EXERCISE AIM:
Omit each picture as you copy the entries exactly.

[Start of section]

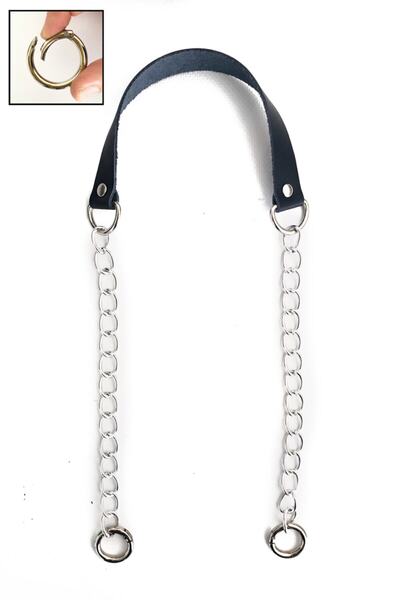 Alfa Tasarım Gerçek Deri Ve Zincir, Yaylı Halka Takım Çanta Sapı (75 Cm) - Gü...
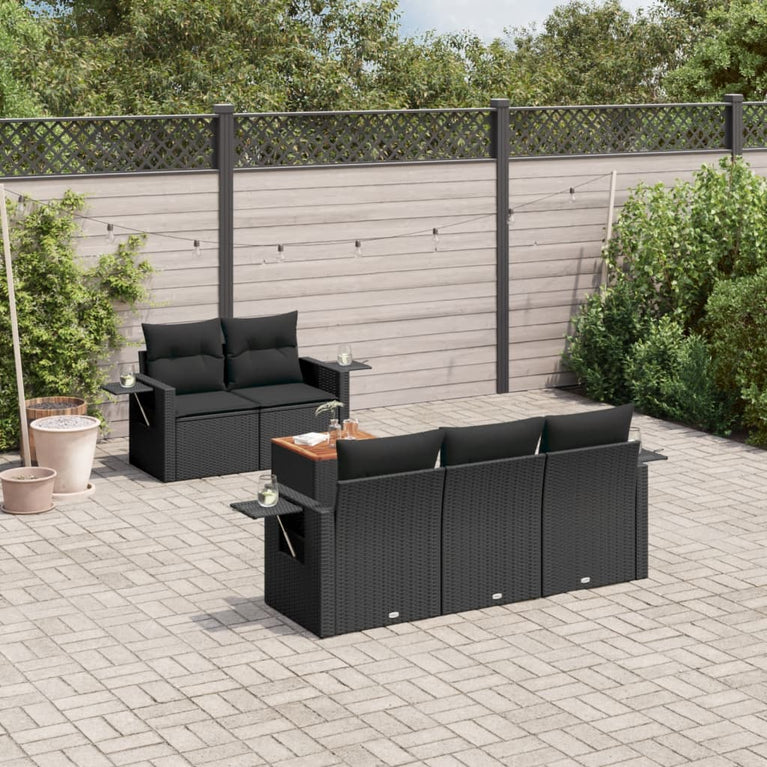 6-delige Loungeset met kussens poly rattan zwart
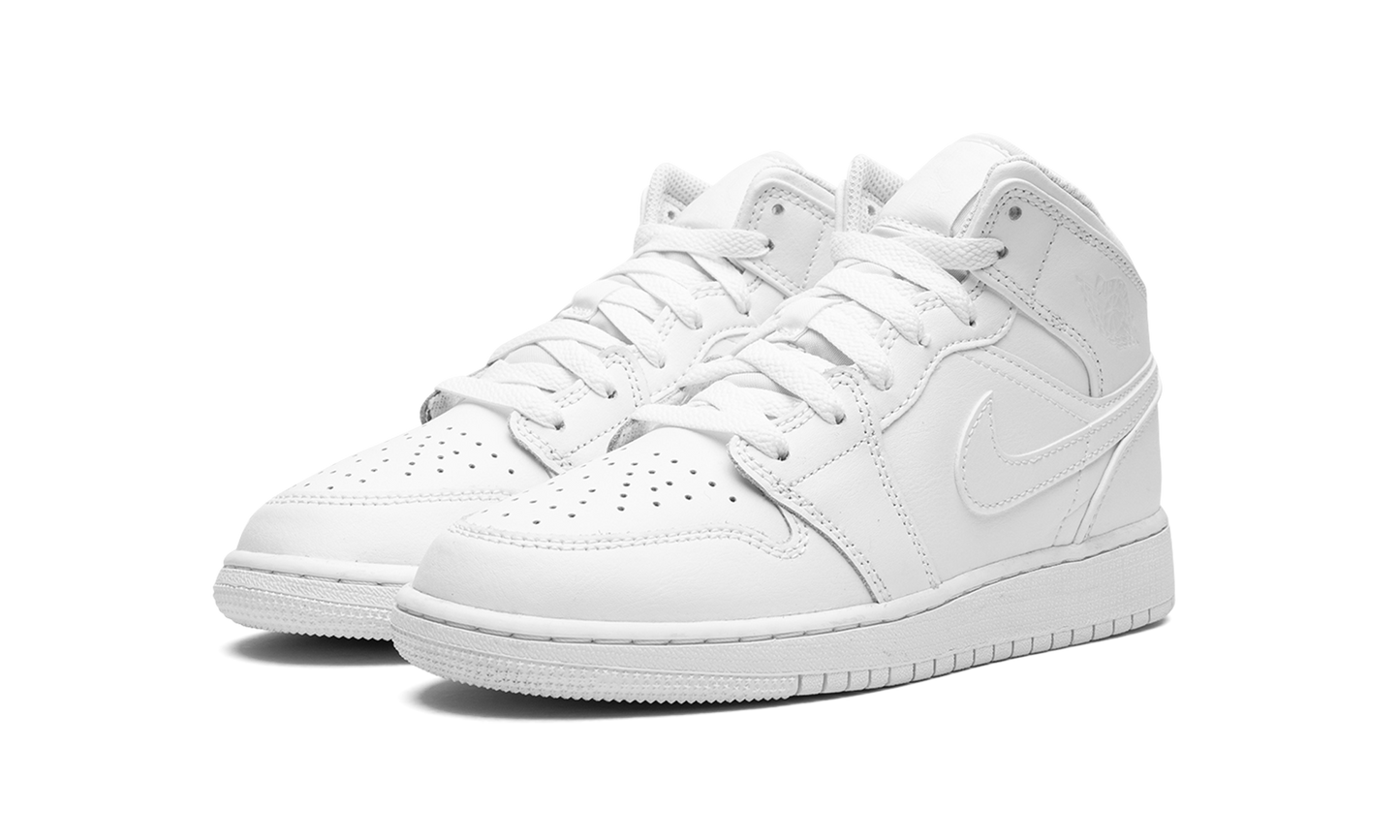 Jordan 1 Mid Triple White (2023) (GS)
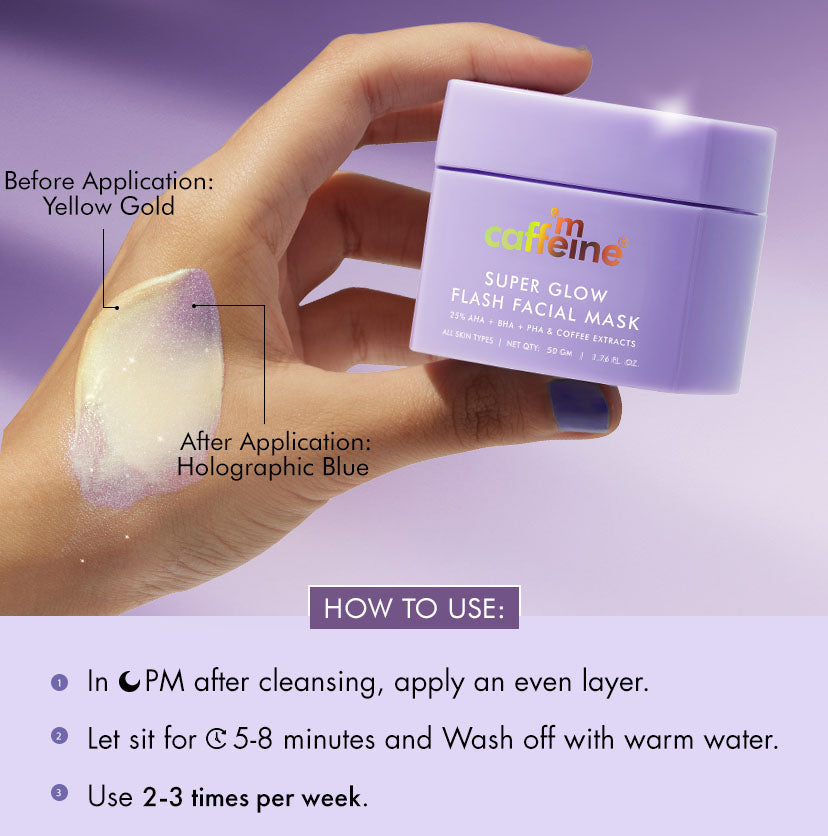 Mcaffeine Superglow Flash Facial 25% AHA+BHA+PHA Face Mask, 50g - Image 7 - Buy from Indicrest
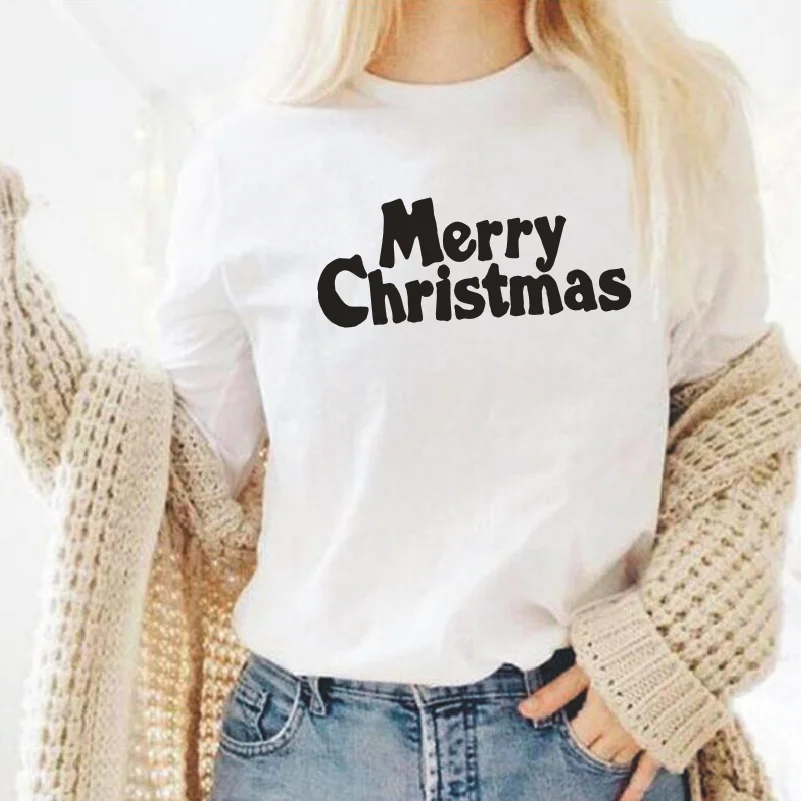 

Футболка с надписью Merry Christmas, женские топы, повседневные хлопковые футболки в стиле Харадзюку, Рождественская одежда, футболки с круглым вы...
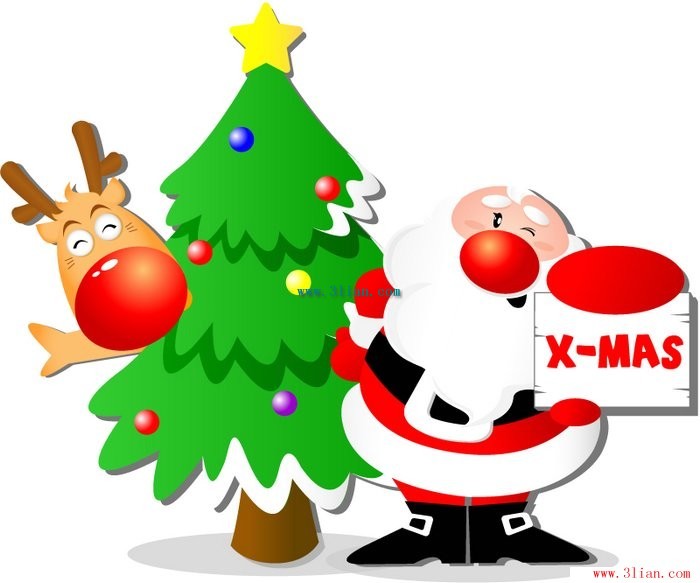 Santa und Hirsche Weihnachtsbaum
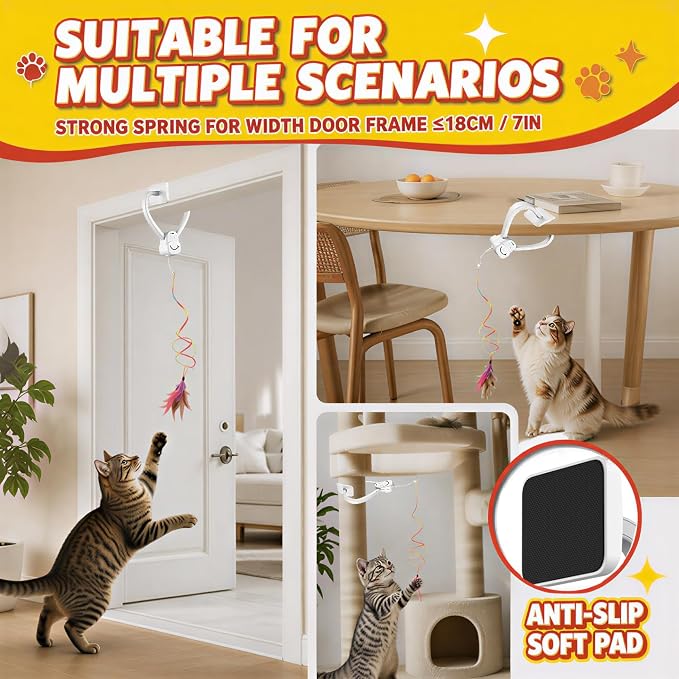 Interactive Cat Toy for Indoor Cats Automatic Hanging Door Frame Toy | Cat Toy with Feather Mouse String 360° Rotating USB Rechargeable Self Play Kitten Toy for Hunting Instinct Cat Boredom Relief
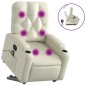 vidaXL Sillón reclinable de masaje de pie cuero artificial color crema vidaXL Sillón reclinable de masaje de pie cuero artificial color crema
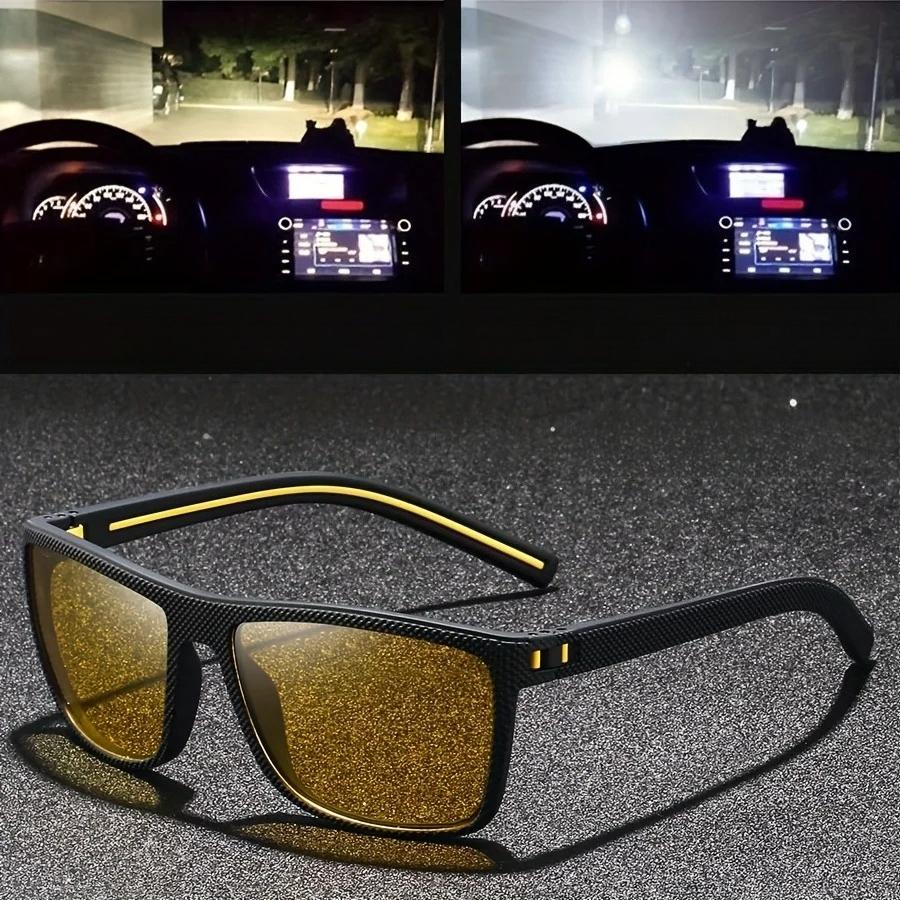 Square Yellow Night Vision Anti-Glare Goggles for Men Women Driving Fishing Beach Sunglasses Protection Polycarbonate Glasses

[End of section]

COMPLETED TASK:
 Alfa Tasarım Gerçek Deri Ve Zincir, Yaylı Halka Takım Çanta Sapı (75 Cm) - Gü...
 6-delige Loungeset met kussens poly rattan zwart
 Jordan 1 Mid Triple White (2023) (GS)
 Mcaffeine Superglow Flash Facial 25% AHA+BHA+PHA Face Mask, 50g - Image 7 - Buy from Indicrest

Футболка с надписью Merry Christmas, женские топы, повседневные хлопковые футболки в стиле Харадзюку, Рождественская одежда, футболки с круглым вы...
 Santa und Hirsche Weihnachtsbaum
 Interactive Cat Toy for Indoor Cats Automatic Hanging Door Frame Toy | Cat Toy with Feather Mouse String 360° Rotating USB Rechargeable Self Play Kitten Toy for Hunting Instinct Cat Boredom Relief
 vidaXL Sillón reclinable de masaje de pie cuero artificial color crema vidaXL Sillón reclinable de masaje de pie cuero artificial color crema
 Square Yellow Night Vision Anti-Glare Goggles for Men Women Driving Fishing Beach Sunglasses Protection Polycarbonate Glasses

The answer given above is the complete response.